Короткий адрес: https://sciup.org/148329645

IDR: 148329645   |   DOI: 10.31772/2712-8970-2022-23-3-498-507

Текст научной статьи Method for processing the results of cavitation tests of TNA pumps in order to obtain an approximating function

One of the most critical and energy-intensive components of a liquid-propellant rocket engine is a turbopump unit (TPU), which is necessary to ensure a continuous supply of fuel components to the engine chamber at a given flow rate and pressure. The following requirements are imposed on TPU as a unit of a liquid-propellant rocket engine (LRE):

  • –    ensuring operability and basic parameters for a given resource with the necessary possible pauses of a specified duration;

  • –    ensuring the supply of fuel components with the required flow rate and pressure in all engine operating modes, with a high degree of reliability, with an acceptable efficiency of the entire unit and a minimum manufacturing cost;

  • -    ensuring the minimum size and weight of the entire propulsion system (PS) due to the smallest overall dimensions and weight of the TPU itself.

During the operation of the TPU, a cavitation phenomenon may occur in the pump, which adversely affects the fulfillment of the above requirements. Cavitation is the process of bubble growth in a liquid due to the dynamic decrease in pressure to saturated vapor pressure, which occurs at a constant temperature [1]. This process is similar to boiling (bubble growth caused by an increase in the temperature of the liquid). During cavitation, the bubble itself in the liquid changes dynamically: first, growth occurs, then, if it is not subjected to increasing pressure, growth will first stop and the bubble will begin to compress. The bubble will then collapse and probably disappear due to the dissolution of the gases and the condensation of the vapor. The collapse occurs abruptly if the vapor bubbles, or cavities, contain a small amount of gas, and less abruptly if the content in them is significant. Thus, cavitation includes a number of phenomena from the cjnception of a bubble to its collapse [2]. The phenomenon itself leads to a decrease in the operating parameters of the pump, which may affect the operation of the liquid rocket engine as a whole. With a longer exposure, due to local increases in pressure due to the collapse of the bubbles, cavitation causes deformation of the pump impeller - the so-called cavitation erosion.

Due to the impact of cavitation, there is a question of taking this phenomenon into account when designing a TPU and developing a technique that allows simulating the cavitation flow during pump operation. Such techniques exist. For example, they are described in [3; 4]. There are also methods of computational fluid dynamics (CFD) that make it possible to numerically simulate the cavitation flow in various units (pump impeller, turbine propeller, hydraulic wing, various objects in a liquid) and using media with different viscosities and surface tensions, including cryogenic ones. These techniques are presented in [5–7].

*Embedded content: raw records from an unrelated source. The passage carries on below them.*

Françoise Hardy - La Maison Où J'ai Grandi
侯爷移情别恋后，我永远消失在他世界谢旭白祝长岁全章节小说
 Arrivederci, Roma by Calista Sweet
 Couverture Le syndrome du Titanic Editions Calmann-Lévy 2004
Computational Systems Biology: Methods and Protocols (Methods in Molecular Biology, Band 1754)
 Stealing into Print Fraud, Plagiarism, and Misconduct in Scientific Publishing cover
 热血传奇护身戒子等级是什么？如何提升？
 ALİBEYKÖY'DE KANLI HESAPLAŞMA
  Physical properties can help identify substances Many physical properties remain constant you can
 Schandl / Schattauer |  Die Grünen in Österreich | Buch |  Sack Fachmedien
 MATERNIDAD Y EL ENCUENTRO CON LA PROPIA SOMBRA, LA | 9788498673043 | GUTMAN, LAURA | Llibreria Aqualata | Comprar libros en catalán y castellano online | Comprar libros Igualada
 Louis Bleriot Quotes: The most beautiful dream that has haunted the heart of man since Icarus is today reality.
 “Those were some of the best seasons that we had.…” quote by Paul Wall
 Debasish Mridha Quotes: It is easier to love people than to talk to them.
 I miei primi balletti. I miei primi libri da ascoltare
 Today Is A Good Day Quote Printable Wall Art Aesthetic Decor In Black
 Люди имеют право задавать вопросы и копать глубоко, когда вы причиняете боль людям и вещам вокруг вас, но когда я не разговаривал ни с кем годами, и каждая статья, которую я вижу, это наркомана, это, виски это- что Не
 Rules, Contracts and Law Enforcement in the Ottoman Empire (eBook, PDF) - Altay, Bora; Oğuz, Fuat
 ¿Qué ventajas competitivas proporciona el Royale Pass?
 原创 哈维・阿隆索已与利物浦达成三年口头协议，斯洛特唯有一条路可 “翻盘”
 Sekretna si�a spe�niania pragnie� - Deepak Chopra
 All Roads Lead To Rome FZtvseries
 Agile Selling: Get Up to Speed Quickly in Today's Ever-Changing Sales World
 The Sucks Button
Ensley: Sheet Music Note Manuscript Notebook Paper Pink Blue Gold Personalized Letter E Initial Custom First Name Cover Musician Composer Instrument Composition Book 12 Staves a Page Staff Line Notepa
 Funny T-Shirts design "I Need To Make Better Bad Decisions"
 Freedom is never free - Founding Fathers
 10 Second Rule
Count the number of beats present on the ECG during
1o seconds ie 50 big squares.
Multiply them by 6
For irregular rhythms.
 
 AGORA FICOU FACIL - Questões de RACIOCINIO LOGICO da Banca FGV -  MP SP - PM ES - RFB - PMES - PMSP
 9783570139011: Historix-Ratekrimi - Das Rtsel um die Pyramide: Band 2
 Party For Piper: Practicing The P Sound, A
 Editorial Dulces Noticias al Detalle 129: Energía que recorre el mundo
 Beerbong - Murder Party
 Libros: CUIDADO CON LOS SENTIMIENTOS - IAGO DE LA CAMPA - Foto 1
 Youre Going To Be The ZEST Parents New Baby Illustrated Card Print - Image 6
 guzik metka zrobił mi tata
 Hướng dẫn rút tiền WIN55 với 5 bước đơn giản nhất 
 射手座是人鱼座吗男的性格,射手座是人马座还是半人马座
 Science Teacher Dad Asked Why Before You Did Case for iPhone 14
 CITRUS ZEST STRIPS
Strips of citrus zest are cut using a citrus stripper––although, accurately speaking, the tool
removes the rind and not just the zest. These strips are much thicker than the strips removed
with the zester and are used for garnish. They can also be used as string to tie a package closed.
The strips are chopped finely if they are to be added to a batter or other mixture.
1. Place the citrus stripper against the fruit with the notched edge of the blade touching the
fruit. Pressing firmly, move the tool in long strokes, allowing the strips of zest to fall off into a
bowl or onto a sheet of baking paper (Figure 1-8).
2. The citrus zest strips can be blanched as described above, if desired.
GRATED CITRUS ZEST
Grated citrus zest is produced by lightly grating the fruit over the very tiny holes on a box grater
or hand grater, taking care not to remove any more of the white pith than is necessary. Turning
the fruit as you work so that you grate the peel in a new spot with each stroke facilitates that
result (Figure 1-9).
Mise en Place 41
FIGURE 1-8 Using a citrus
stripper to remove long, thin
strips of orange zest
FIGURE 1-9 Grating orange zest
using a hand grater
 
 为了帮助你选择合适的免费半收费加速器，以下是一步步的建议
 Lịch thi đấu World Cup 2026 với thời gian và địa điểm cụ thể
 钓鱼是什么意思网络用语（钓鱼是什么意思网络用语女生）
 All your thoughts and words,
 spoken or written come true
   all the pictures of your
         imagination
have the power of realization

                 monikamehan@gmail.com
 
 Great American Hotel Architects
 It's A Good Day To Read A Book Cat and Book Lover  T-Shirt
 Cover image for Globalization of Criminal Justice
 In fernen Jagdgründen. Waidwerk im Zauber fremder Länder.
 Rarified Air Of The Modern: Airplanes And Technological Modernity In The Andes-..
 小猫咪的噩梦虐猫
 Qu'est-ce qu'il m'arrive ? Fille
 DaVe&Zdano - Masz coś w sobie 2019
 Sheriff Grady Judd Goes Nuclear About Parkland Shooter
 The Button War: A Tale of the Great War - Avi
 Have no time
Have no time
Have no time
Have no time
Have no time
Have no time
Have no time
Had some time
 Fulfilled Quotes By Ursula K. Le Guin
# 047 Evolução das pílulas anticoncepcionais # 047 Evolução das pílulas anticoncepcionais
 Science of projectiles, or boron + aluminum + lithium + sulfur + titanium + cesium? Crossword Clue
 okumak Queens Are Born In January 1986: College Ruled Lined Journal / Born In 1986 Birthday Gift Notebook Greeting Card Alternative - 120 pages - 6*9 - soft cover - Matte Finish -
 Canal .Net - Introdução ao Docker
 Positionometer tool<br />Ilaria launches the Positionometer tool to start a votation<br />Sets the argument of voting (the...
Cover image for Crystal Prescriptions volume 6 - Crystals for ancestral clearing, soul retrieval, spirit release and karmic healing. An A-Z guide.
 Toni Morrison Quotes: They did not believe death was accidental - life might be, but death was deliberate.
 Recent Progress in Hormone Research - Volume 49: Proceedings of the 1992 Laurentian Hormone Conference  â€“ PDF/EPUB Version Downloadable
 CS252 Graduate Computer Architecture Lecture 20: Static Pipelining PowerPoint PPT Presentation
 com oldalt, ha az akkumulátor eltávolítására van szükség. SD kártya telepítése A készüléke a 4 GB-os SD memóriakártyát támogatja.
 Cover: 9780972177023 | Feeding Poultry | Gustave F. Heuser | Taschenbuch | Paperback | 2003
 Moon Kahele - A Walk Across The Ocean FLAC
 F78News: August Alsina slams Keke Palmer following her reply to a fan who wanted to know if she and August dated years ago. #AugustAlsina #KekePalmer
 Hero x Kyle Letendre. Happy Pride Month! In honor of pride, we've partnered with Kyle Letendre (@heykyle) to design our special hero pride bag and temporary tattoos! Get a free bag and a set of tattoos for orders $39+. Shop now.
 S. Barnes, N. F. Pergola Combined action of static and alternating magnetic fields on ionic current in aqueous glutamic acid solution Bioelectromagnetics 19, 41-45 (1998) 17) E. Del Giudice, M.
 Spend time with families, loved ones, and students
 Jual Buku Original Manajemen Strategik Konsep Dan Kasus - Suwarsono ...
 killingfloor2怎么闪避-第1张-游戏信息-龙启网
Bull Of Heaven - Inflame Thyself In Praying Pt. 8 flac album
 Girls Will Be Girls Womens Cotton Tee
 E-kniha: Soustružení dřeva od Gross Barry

From a technical point of view, the oxidizer and fuel pumps are designed to supply fuel components to the gas generators and the engine chamber supply manifold. The main working element of the pump is a closed-type impeller with a one-way inlet, less often a two-way inlet [8]. To improve the anti-cavitation qualities of the pump, an auger is installed at the inlet in front of the impeller. Typically, the impellers are cast from a high-strength aluminum alloy; the screws are made of steel.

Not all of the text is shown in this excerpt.